Once you find the line with "Okay guys, I" in the listing below, set down exactly every line from it through the line with "At the top, the", but no pictures.

──────

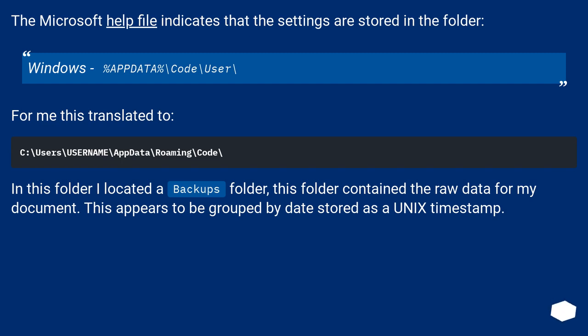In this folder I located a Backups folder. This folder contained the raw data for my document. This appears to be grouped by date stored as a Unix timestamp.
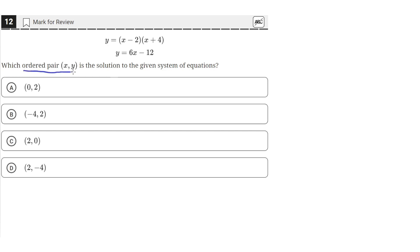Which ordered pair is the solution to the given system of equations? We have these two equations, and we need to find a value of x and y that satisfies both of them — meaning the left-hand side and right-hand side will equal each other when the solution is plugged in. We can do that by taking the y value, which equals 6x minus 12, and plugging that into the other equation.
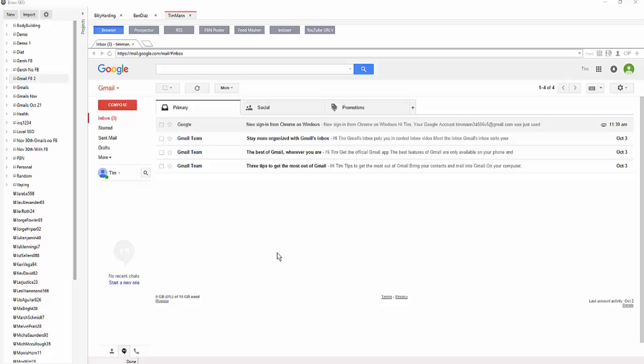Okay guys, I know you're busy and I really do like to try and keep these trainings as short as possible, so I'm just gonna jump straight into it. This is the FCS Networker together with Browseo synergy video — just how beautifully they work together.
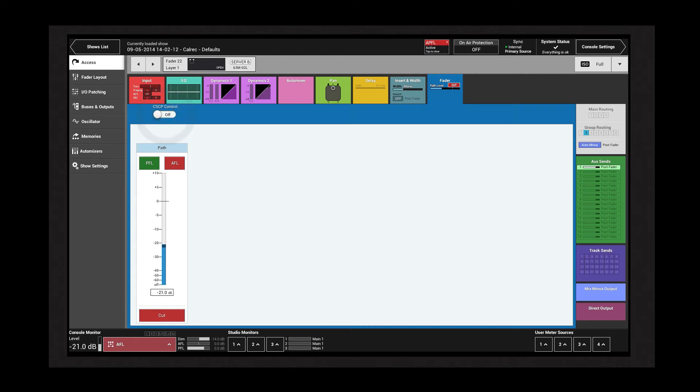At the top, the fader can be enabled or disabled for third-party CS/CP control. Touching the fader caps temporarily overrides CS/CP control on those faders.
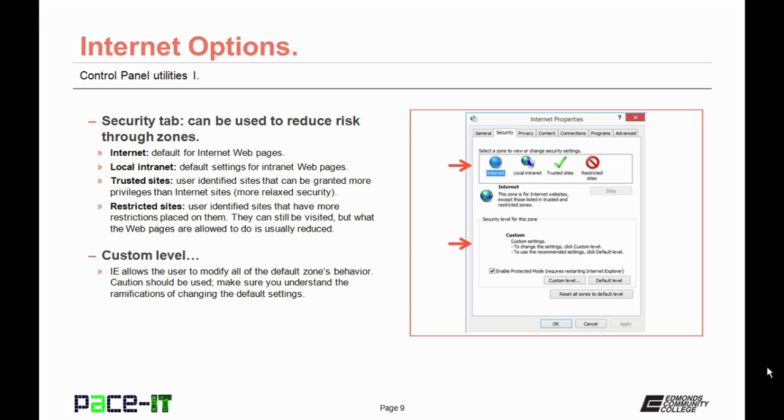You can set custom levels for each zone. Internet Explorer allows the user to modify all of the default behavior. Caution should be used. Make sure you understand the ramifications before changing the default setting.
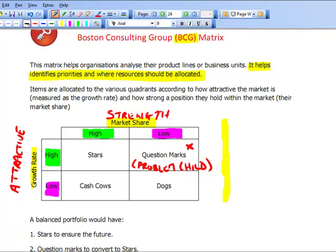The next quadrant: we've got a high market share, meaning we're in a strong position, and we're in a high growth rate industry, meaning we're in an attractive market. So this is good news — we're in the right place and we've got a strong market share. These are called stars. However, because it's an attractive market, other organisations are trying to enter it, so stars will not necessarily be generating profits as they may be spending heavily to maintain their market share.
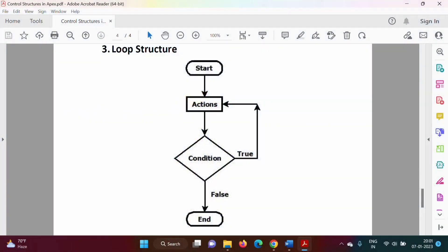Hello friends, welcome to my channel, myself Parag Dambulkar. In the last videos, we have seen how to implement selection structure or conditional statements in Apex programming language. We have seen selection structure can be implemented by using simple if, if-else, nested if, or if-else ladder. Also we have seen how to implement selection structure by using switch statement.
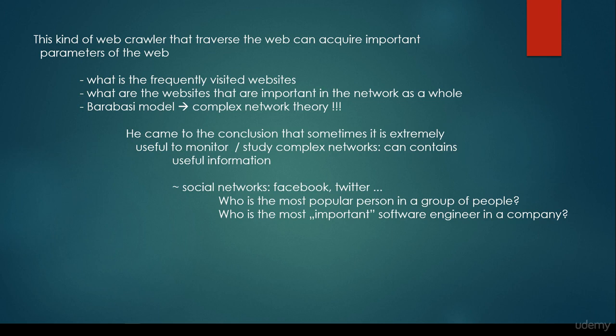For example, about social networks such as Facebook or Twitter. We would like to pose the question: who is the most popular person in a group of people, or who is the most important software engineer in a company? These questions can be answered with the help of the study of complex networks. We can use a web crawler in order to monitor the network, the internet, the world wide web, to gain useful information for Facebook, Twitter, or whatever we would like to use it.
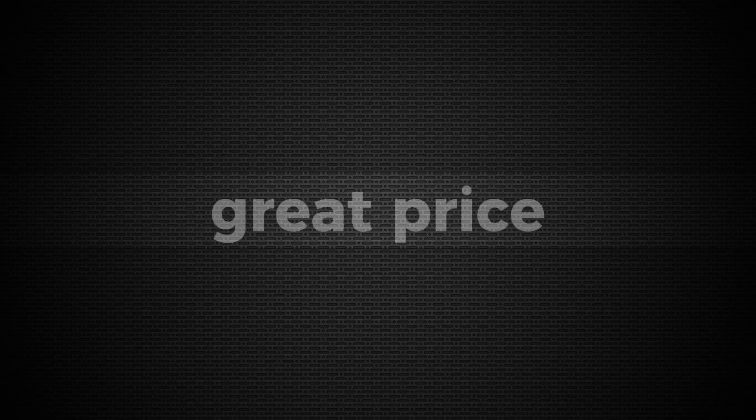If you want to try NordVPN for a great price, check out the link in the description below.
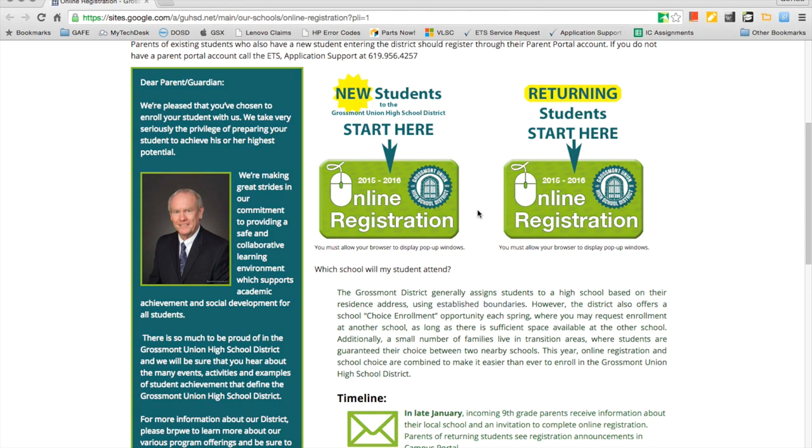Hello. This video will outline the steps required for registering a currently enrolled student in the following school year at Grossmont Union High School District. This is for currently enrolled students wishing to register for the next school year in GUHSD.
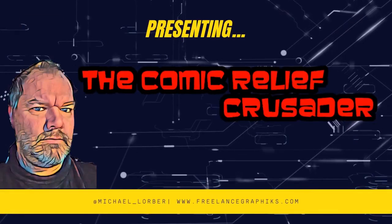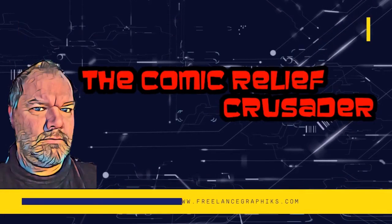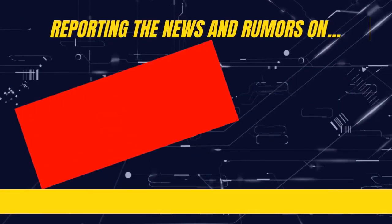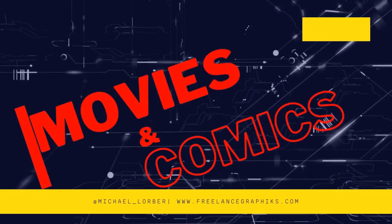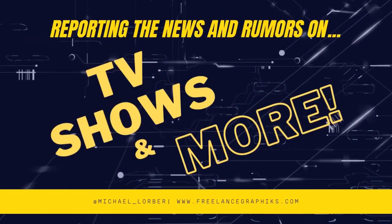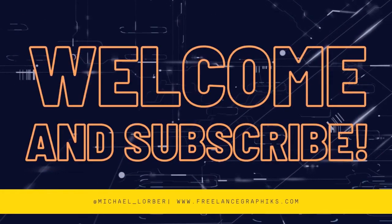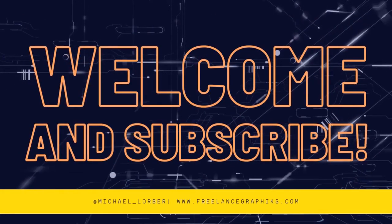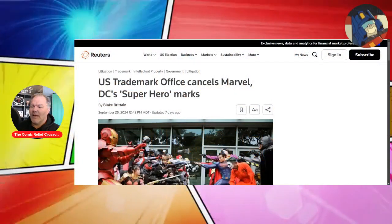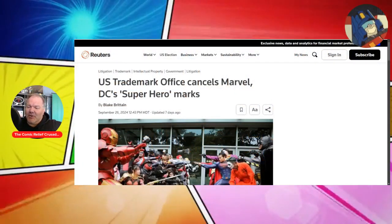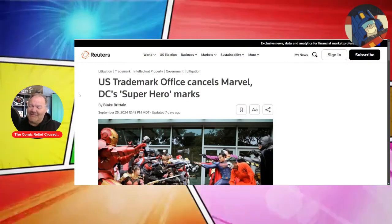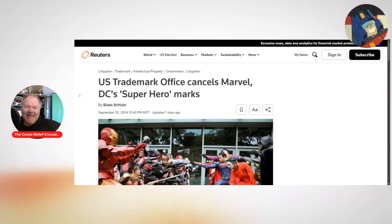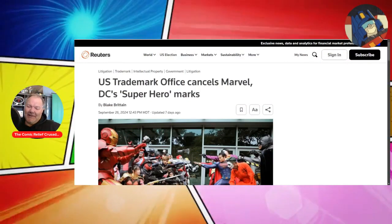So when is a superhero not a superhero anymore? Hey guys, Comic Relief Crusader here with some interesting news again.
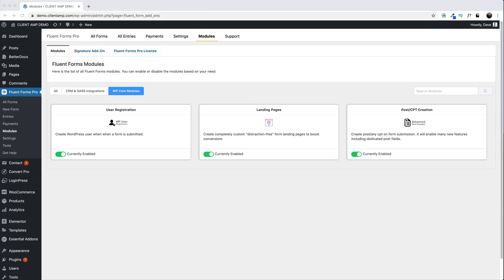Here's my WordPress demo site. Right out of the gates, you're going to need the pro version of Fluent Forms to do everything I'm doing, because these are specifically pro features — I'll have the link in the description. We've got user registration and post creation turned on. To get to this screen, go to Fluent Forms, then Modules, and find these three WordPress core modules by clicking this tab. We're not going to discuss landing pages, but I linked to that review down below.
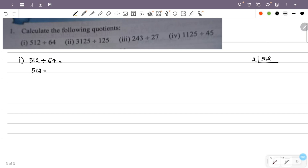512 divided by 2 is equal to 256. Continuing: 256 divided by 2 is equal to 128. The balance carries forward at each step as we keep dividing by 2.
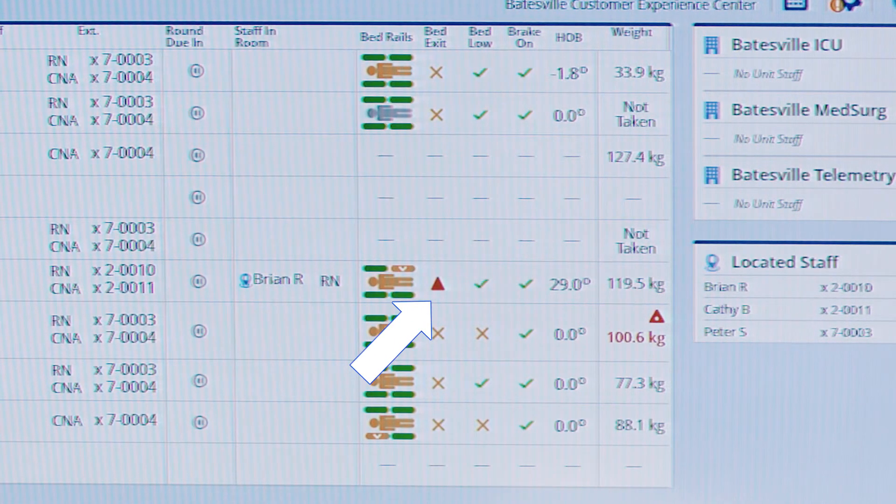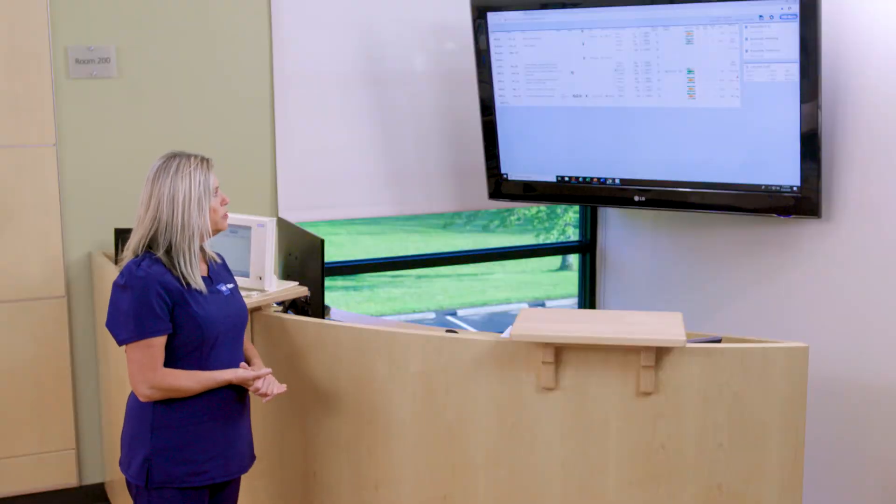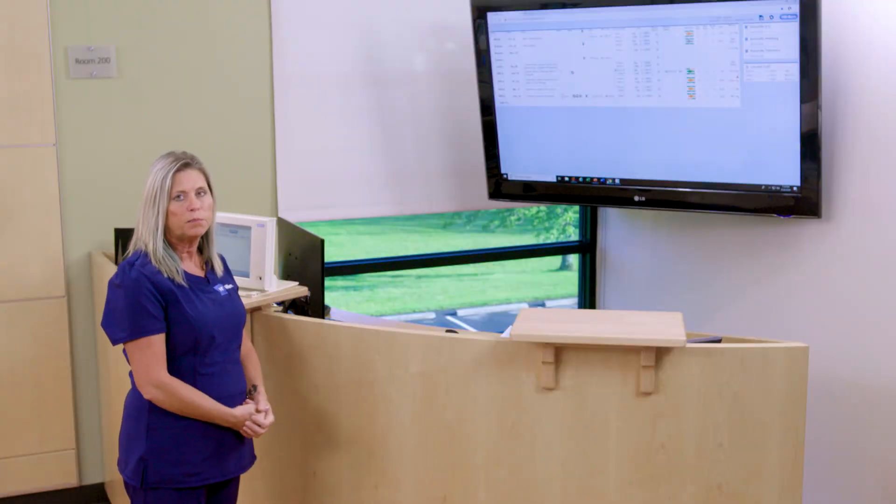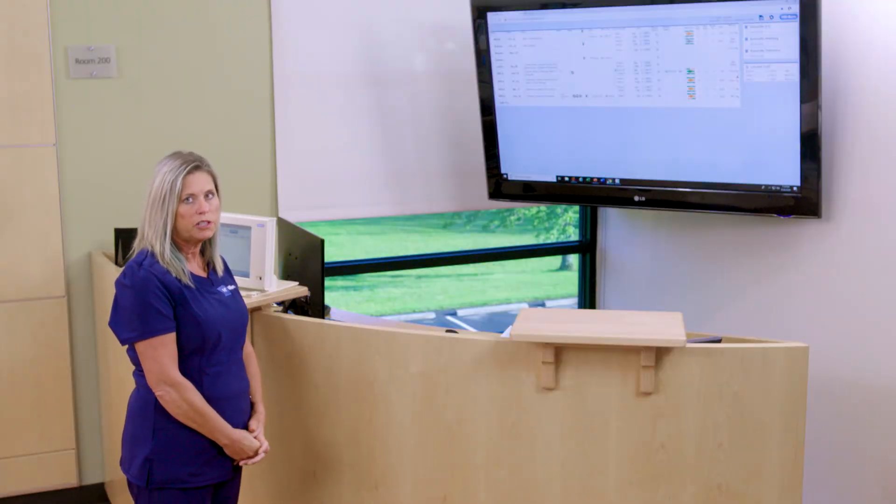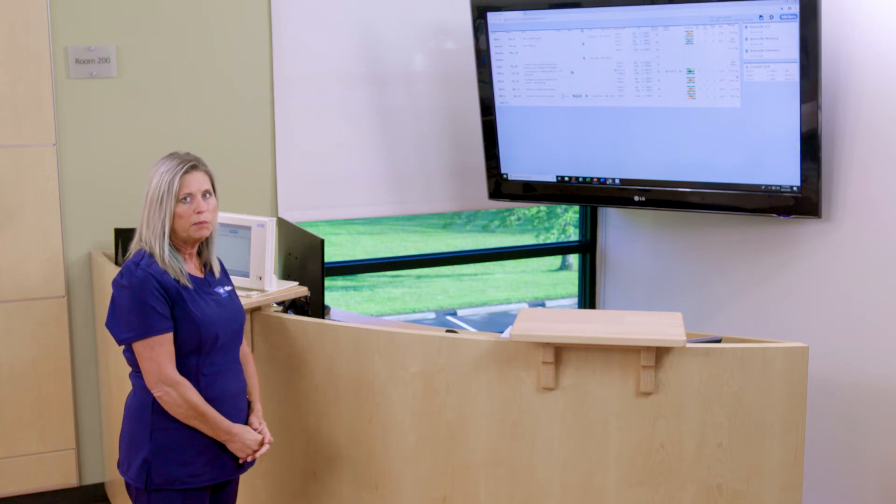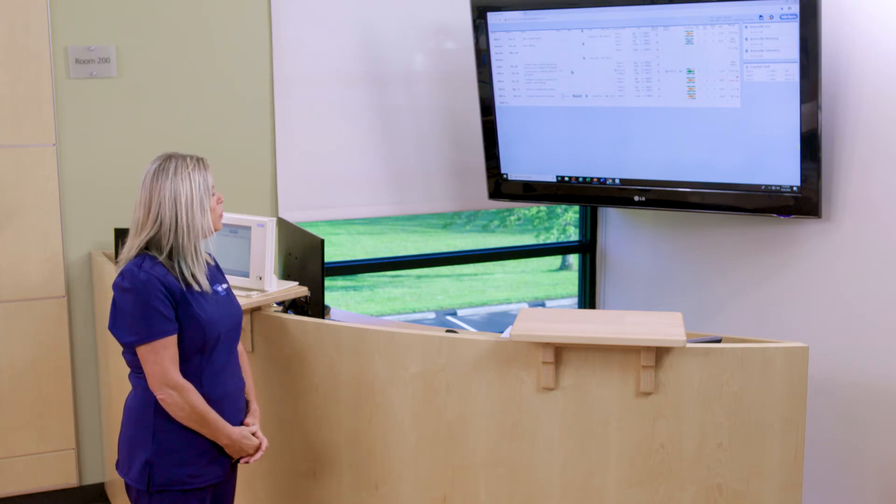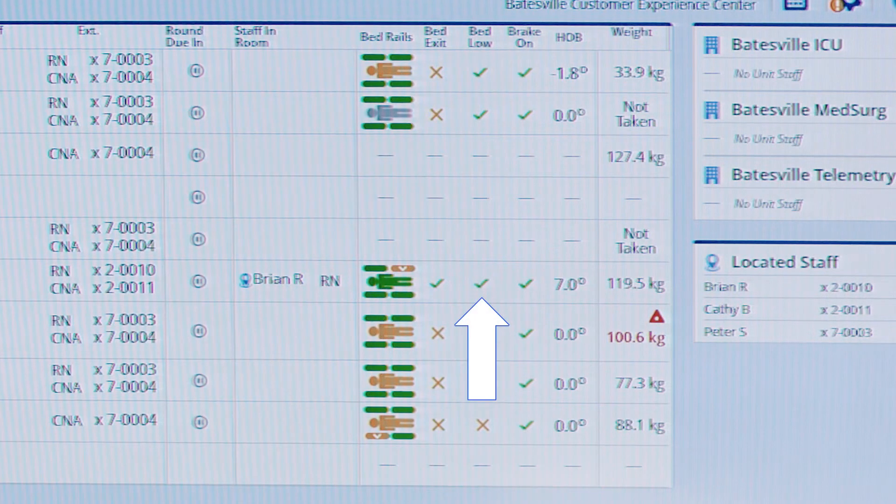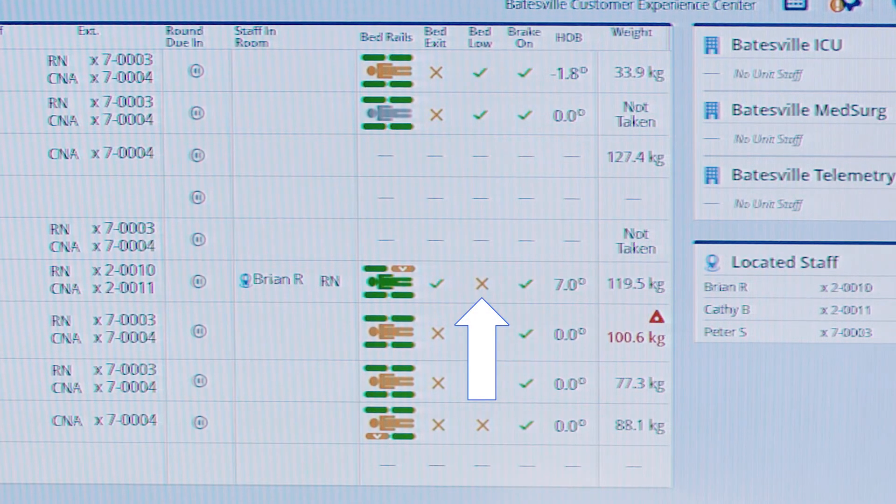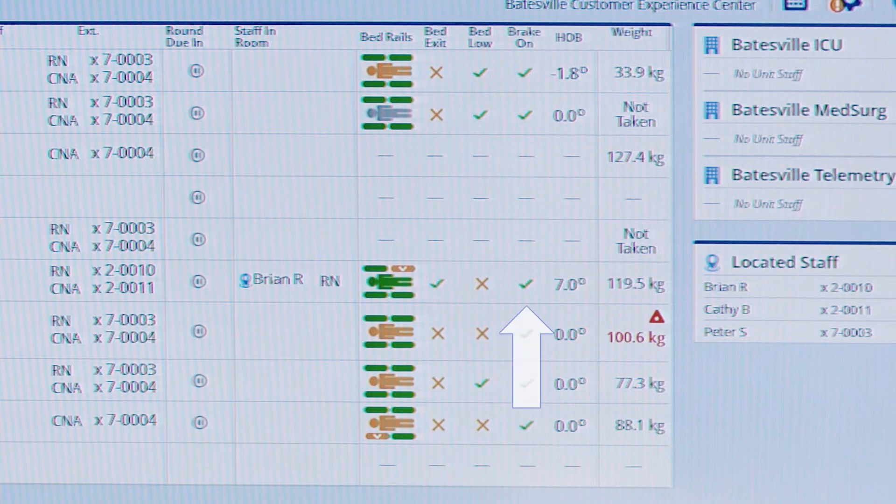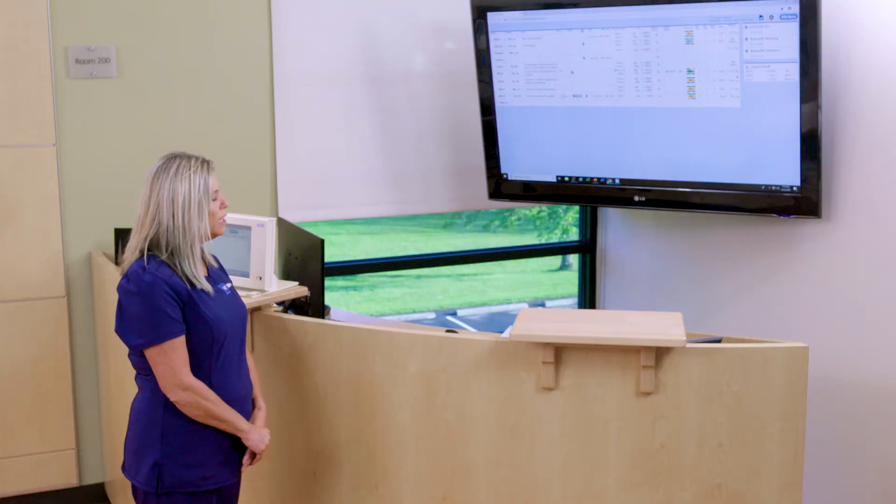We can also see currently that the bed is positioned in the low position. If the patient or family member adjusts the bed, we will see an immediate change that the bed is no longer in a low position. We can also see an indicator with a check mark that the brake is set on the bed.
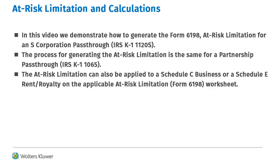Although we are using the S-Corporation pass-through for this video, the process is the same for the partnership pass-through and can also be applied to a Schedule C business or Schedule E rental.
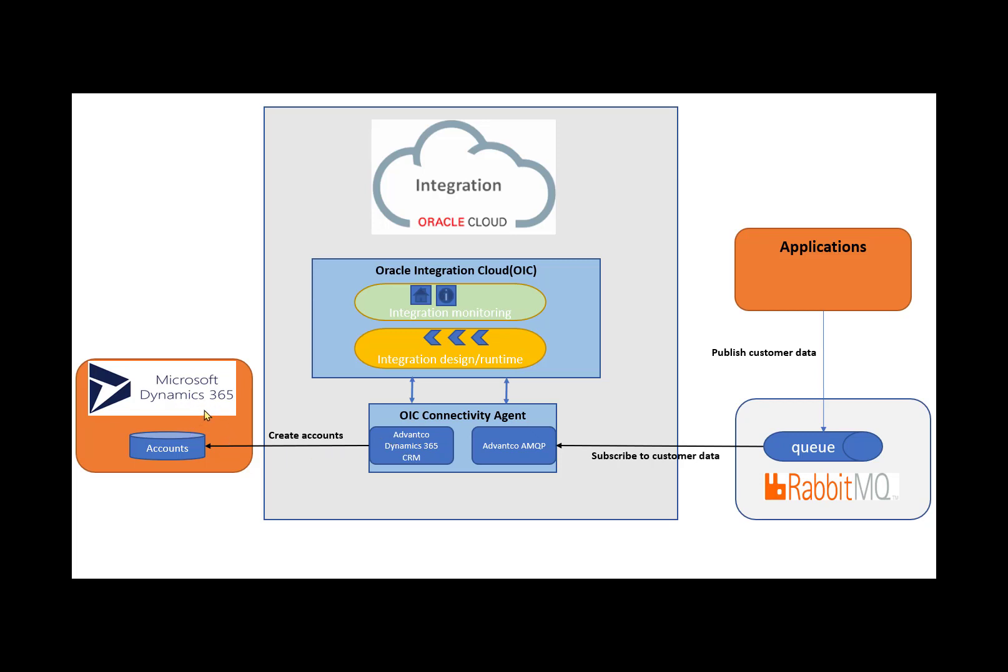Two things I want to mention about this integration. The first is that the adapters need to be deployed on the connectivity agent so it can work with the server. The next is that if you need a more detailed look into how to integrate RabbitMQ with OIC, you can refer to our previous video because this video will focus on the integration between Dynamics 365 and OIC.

──────

_RESULT FOR THIS EXERCISE_
Okay guys, I know you're busy and I really do like to try and keep these trainings as short as possible, so I'm just gonna jump straight into it. This is the FCS Networker together with Browseo synergy video — just how beautifully they work together.
At the top, the fader can be enabled or disabled for third-party CS/CP control. Touching the fader caps temporarily overrides CS/CP control on those faders.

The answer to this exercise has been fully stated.